Concepts

This section roughly explains how chat and search implementations work in those particular aspects understanding will allow better use and configuration of the services.

How search works#

Search begins with your catalogs. Products and pages are indexed, fields are declared for filters/facets, and text content is embedded with the chosen OpenAI embeddings model so it can be stored in the vector index.

When a query arrives, a configuration is selected (either by API parameter or by UI configuration). That configuration defines the search mode (semantic, fulltext, hybrid, etc), optional catalog inference (product vs pages), and any filters or facets to apply.

The engine runs a semantic vector search (and perhaps also a fulltext search) to collect candidates, see Search Mode. Relevance pruning happens next: clustering can drop low-score clusters and a relevancy threshold can exclude or mark weak hits.

Finally, post-processing plugins (such as redirects or variant un-grouping) run in order, and the service returns ordered results plus facets/metrics.

References:

how chat works#

Chat reuses the search pipeline to ground answers in your catalog.
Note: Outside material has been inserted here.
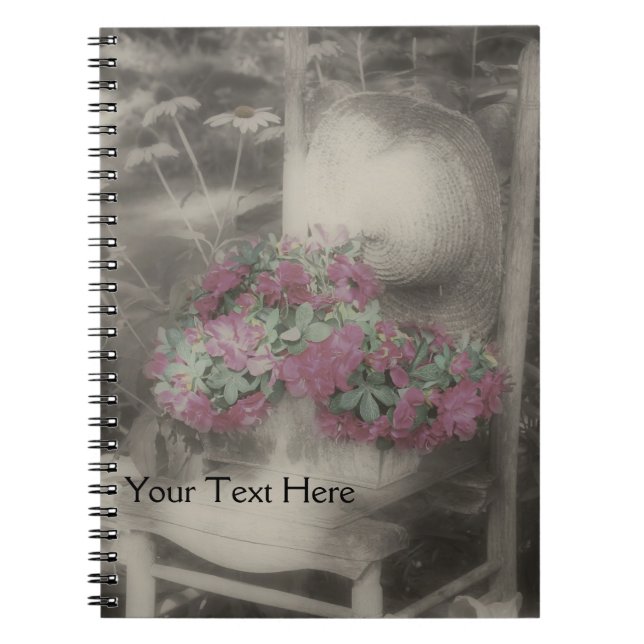 Chaise Fleur Jardin En Carnet Noir Et Blanc (Devant)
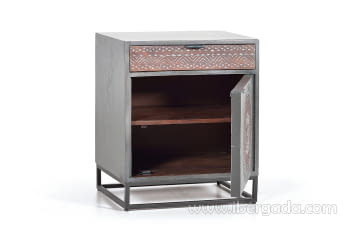 Mesita Noche Kentia Madera/Metal 1 Puerta 1 Cajón (50x40x60)-4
Each user question can be contextualized with chat memory (when enabled) so follow-up questions are rewritten before search. The service infers or respects the requested document type (products or pages) using the inference prompt, then executes search with the active configuration, including filters, clustering, and relevancy thresholds. The top N documents are sent to the LLM together with the configured prompt (or pages prompt when the query targets pages), which controls tone, formatting, and how products should be listed. If nothing relevant survives the filters, a relevancy prompt can be used to ask the user for better context instead of hallucinating an answer.

References:

Terminology#

semantic search: Vector similarity search over embedded catalog content to rank results by meaning instead of exact keyword matches. See Search modes
fulltext search: Keyword-based matching with stemming/stop-words that favors documents containing more of the query terms; used alone or to re-rank semantic results in hybrid mode. See Search modes
document: A single indexed record from a catalog (product or page) including its fields, raw text, and stored embeddings. Document contains all the information provided in the catalog, plus a text generated from some fields which is used to create the semantic embedding, see bolow
embedding: Numeric representation of text produced during indexing with the selected OpenAI embeddings model (e.g., OpenAi's text-embedding-3-small or text-embedding-3-large models) and used for semantic similarity scoring. For each document a document text representation is geerated using some relevant-semantic fields and from this text an embedding is stored to run semantic searches.
vector store: The index that holds embeddings for every document so nearest-neighbor semantic queries can be executed quickly.
prompt: The instructions given to the LLM (chat prompt, pages prompt, inference prompt, relevancy prompt) that shape how answers are generated from search results.
clustering: A relevancy filter that groups results by score and returns only the top clusters to remove noise.
LLM: Large language model invoked for catalog inference, optional query contextualization, and final chat answers based on retrieved documents. Example implementations: OpenAI's ChatGpt, Google's gemini, DeepSeek, etc.
back-office or admin-panel: A web application that allows store administrators, create their data catalogs, configure search and chat services and test both in a playground.